This program performs sentiment analysis on YouTube comments. It filters comments based on a specific set of keywords and emojis relevant to the topic, then analyzes the sentiment of the filtered comments using TextBlob. The sentiment analysis results, including sentiment distribution and trends over time, are visualized and saved to a new CSV file.

---

**Usage**

* Ensure your CSV file containing the cleaned and translated comments is correctly formatted and saved in the specified location. This file should be the output from the previous data cleaning and translation steps.

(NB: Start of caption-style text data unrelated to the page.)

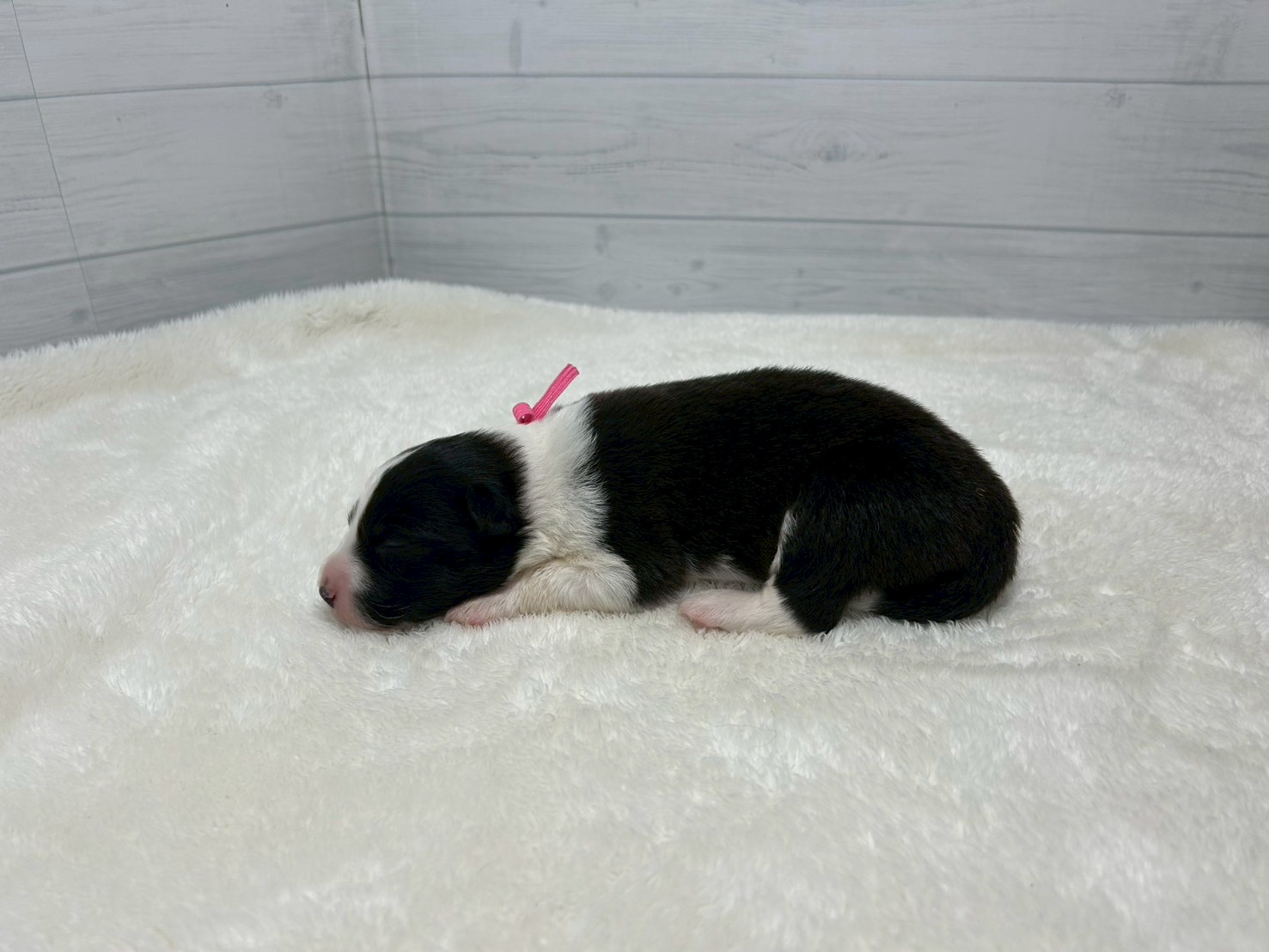 赤ちゃん写真1-2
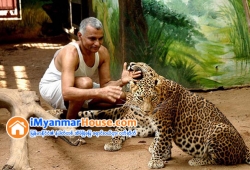 ေျမကြက္ အျမန္ ေရာင္းမည္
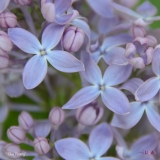 Blue_Revery_2019_LM_CF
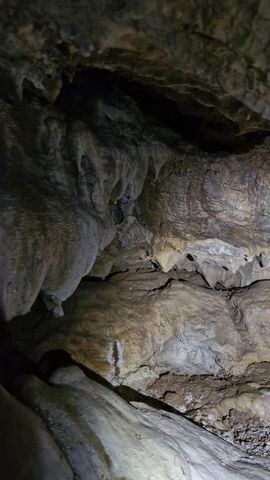 photo no. 12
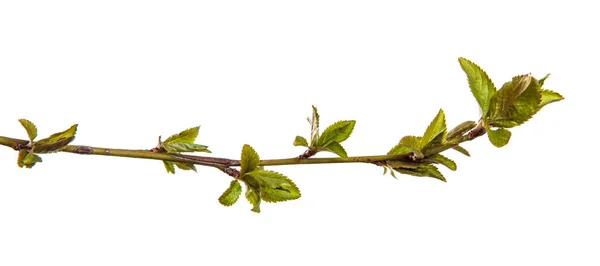 Branche Prune Cerise Aux Jeunes Feuilles Isolé Sur Fond Blanc — Photo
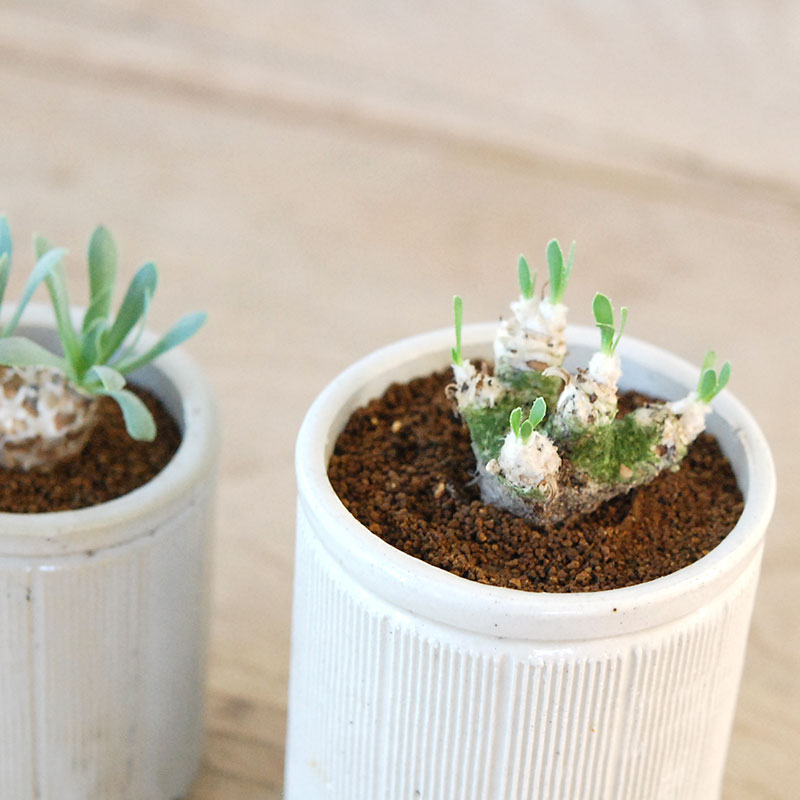 Othonna レトロルサ x antique イギリスジャー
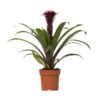 Guzmania Fransesca – Ø12 ↕45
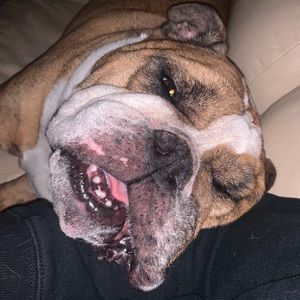 Meet your Posher, William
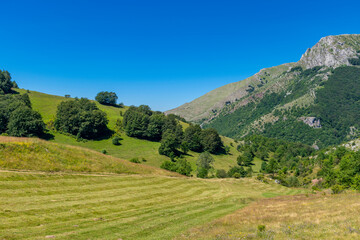 Wall Mural - landscape in the mountains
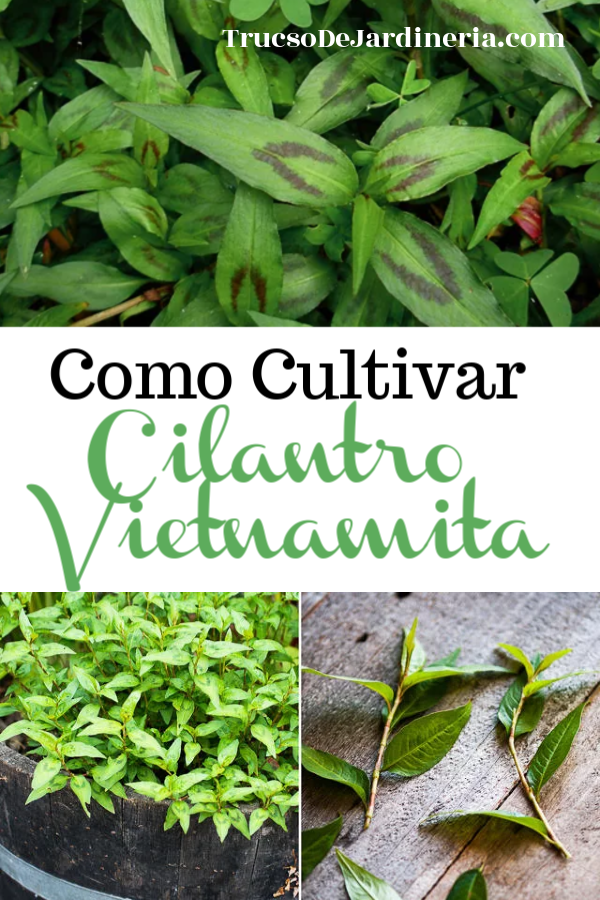 Como Cultivar Cilantro Vietnamita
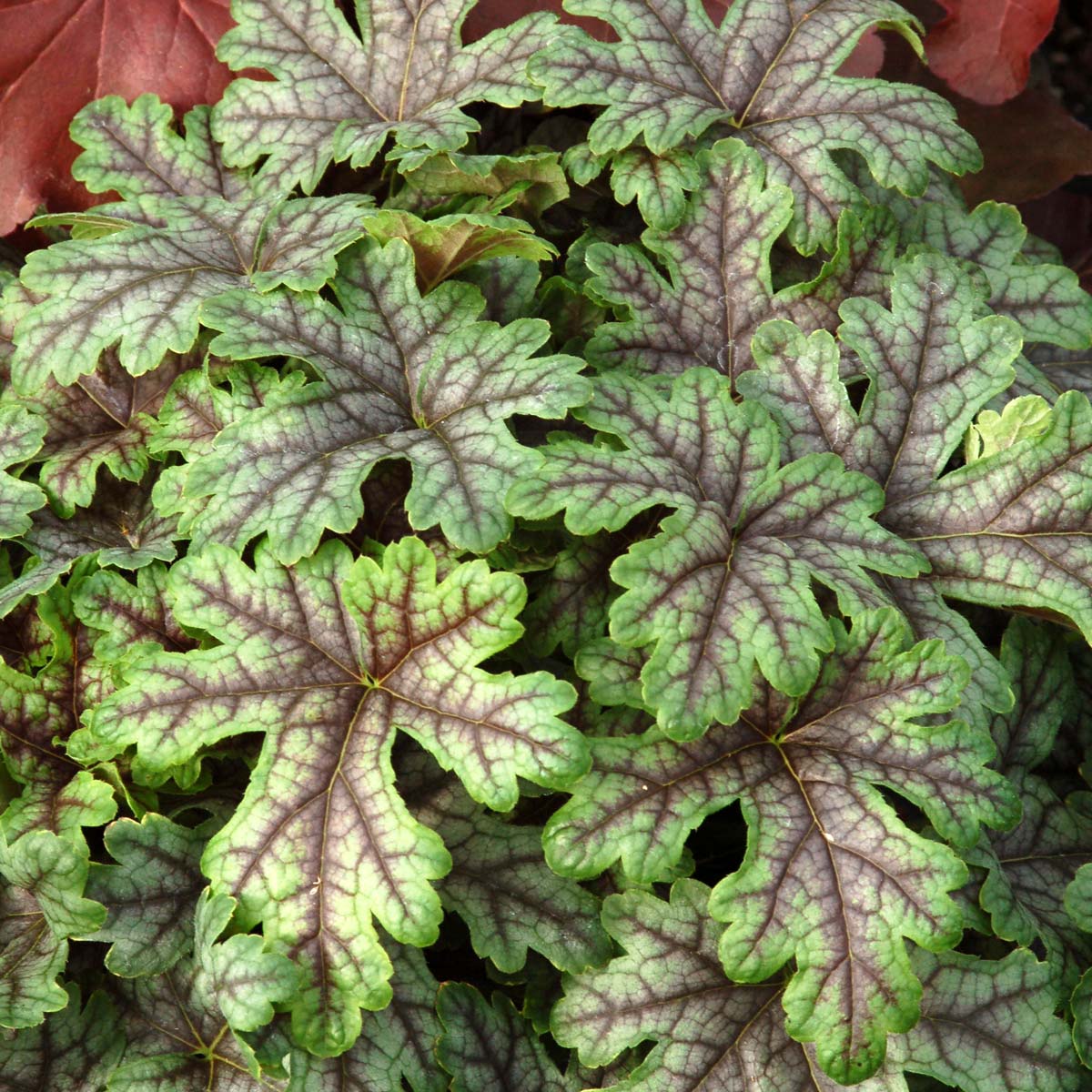 Heucherella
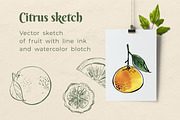 Citrus sketch. Oranges and lemons, a Food Illustration by irina.vaneeva (Thumbnail 9 of 11)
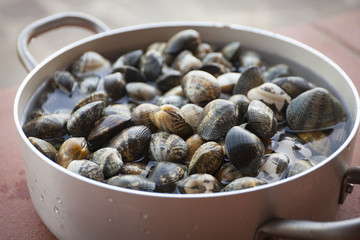 Seafood 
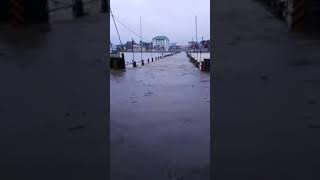 Pattambi flood Bridge 2018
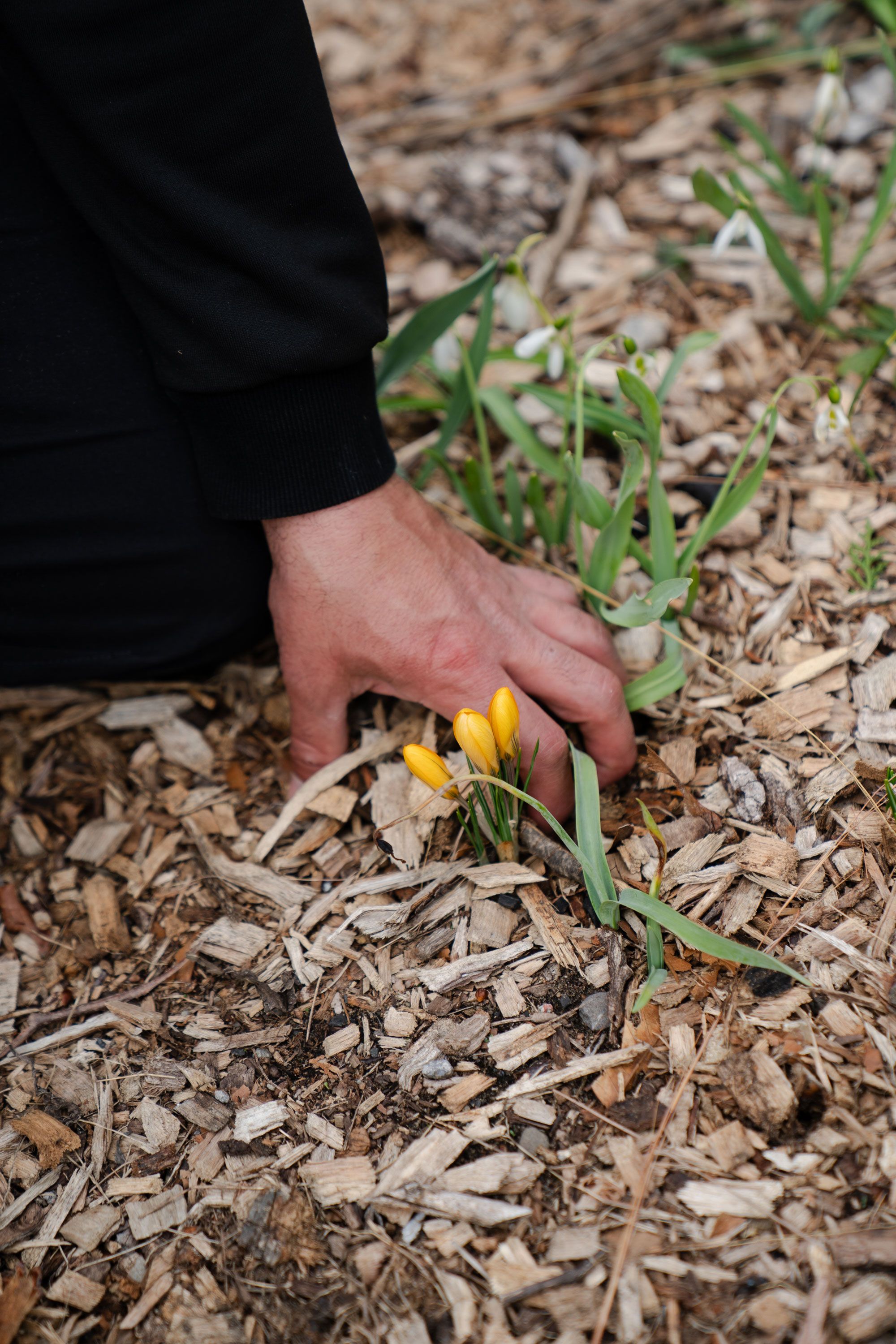 A closeup photo of a man's hands touching a bed of sprouting yellow flowers on the ground.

* Replace the file_path variable value in the code with the path to your CSV file. Make sure the file path is correctly specified to avoid file not found errors.

* Create an extensive keyword list specific to your topic. This list is crucial for filtering relevant comments. It is recommended to use a minimum of 150 keywords.

* Execute the program in a Python environment such as Google Colab, Jupyter Notebook, or any local Python environment.

* The program will read the CSV file, filter comments based on the keyword list, perform sentiment analysis, and save the results to a new CSV file.

---

**Notes**

* The keyword list is essential for filtering relevant comments. Customize the keywords list in the code to match your specific research topic.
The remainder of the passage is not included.